Wednesday, June 27, 2012
Killing The Non-Smoking Guns
This week I'm revising my novel and feel almost ready to send it out in search of a publisher.
So imagine how silly I feel when I find I've written an entire long paragraph about a woodstove.
Now this post could almost have been entitled "Kill Your Babies" because that's what I had, a lyrical and long description of a woodstove, based on, yes, an antique parlor stove that I once owned and loved. I adored the woodstove. I adored the description.
The problem here is that no matter how beautiful the woodstove was, and no matter how driving my description might have been...
The woodstove had absolutely no point in the plot whatsoever. That's right. It didn't perform any function. Nobody got burned on it, nobody touched it, nobody gained any realizations from fondling its lovely cast iron exterior. Well okay, it DID dry my protagonist's clothes.

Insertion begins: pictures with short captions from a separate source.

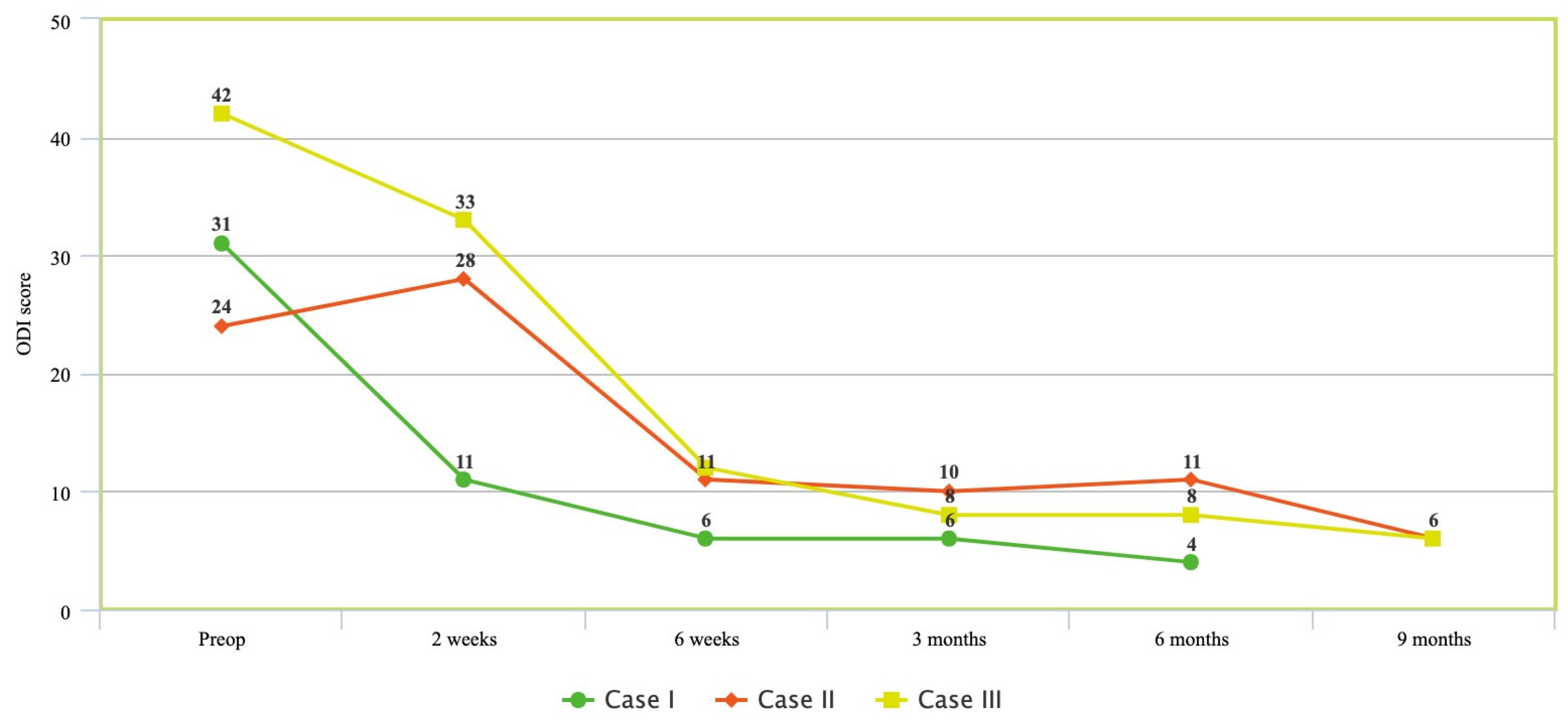 Medicina 58 01172 g002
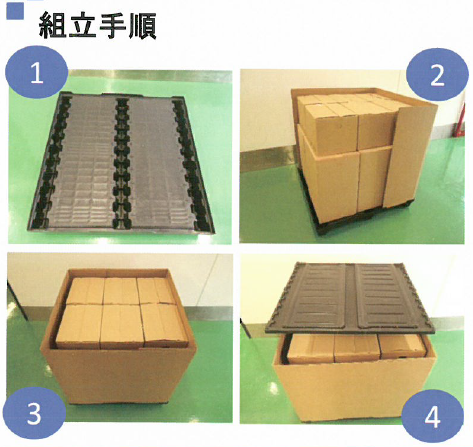 ボックス梱包『リユースパック』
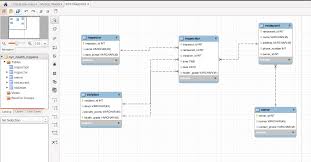 26 Awesome Create Database Schema Diagram Ideas Bookingritzcarlton Info Relationship Diagram Diagram Design Diagram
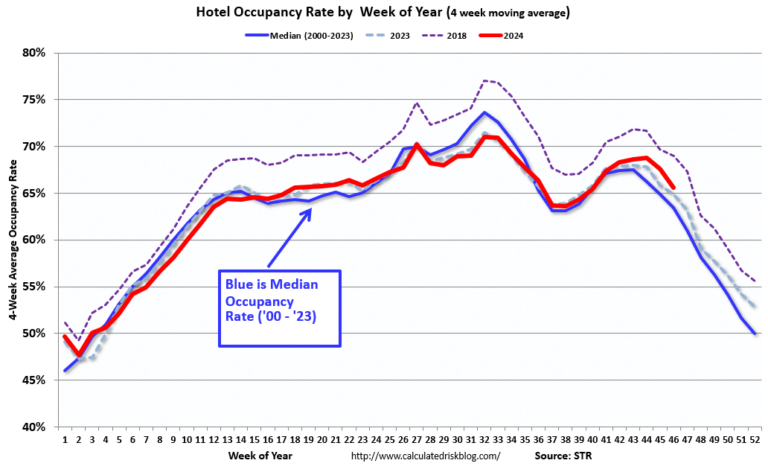 Hotels: Occupancy Rate Decreased 3.5% Year-over-year
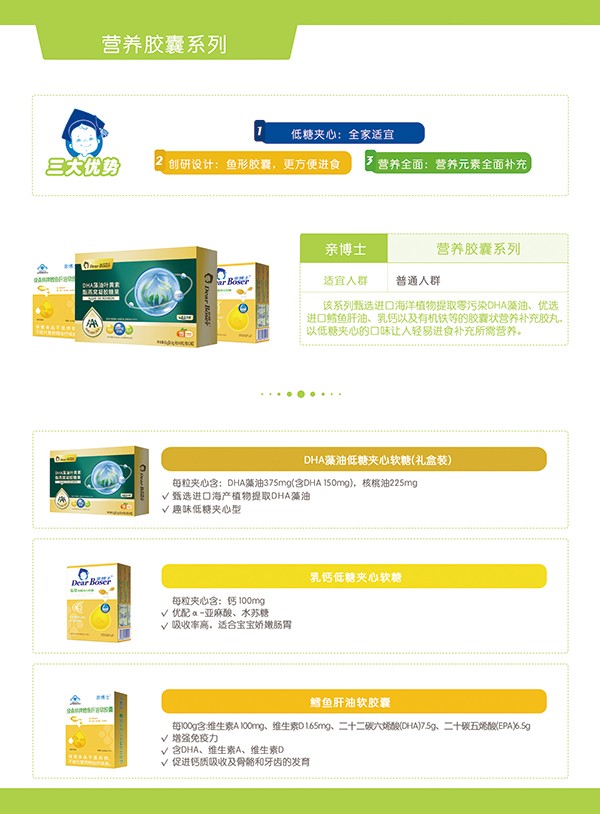 親博士營(yíng)養(yǎng)膠囊系列詳情.jpg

It didn't even belong to a major character. The very minor characters who owned it were there for only one chapter, just serving as a safe place and a way to get my protagonist back to civilization.

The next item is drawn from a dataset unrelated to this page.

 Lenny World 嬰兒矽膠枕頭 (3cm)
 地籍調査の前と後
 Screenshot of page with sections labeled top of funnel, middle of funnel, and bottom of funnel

So why was I waxing gloriously on about it? Oh damn, it hurt my heart, but I clipped the long paragraph the heck out and threw it away. Maybe I can use it someday in another book where it WILL be pertinent.
At the same time, I had noticed (see my previous post, Too Much Tea - Vary Your Scenes) that a lot of my scenes were involving cooking and mealtimes. Okay, I'm a pretty dedicated cook and foodie, so maybe that's normal, but I was determined to have some of my characters do something OTHER than cook or eat food in the revision.
Late at night, having shut off my computer, I came up with an IDEA. Rather than having a particular scene happen at the breakfast table, I'd put my characters in the living room. Firebuck (a secondary character) would be cleaning his rifle in case the evil faeries showed up. To contrast that, Cath (another secondary character) would be potting some flowers that had already shown up on the porch in a previous description. Falling asleep, I loved the juxtaposition of war and peace and the fact that it would get me away from the "food scenes".
So what was wrong? Well in an earlier-written (but occurring later in the story) scene, Firebuck does tote his rifle around for a bit. Firebuck doesn't use a gun in the end of the novel. I realized that if I added the gun-cleaning scene, readers would THINK it was a clue and be disappointed in the end when they found out it wasn't. Especially since I would now have TWO scenes with the gun in it. Guns don't work terribly well on evil faeries. Just an FYI.
Ouch. So there go my guns and woodstoves. Is my novel better for it? Definitely.
Unless you intend for them to be Red Herrings, get rid of your extraneous plot items. If you show an item and wax glorious about it, the reader will expect you to include it in the resolution of your story. If the item is a weapon, such as a gun, garotte or knife, all the more reason why your reader will expect it to show up at the end and be useful. If not, you risk the possibility of reader confusion and disgust.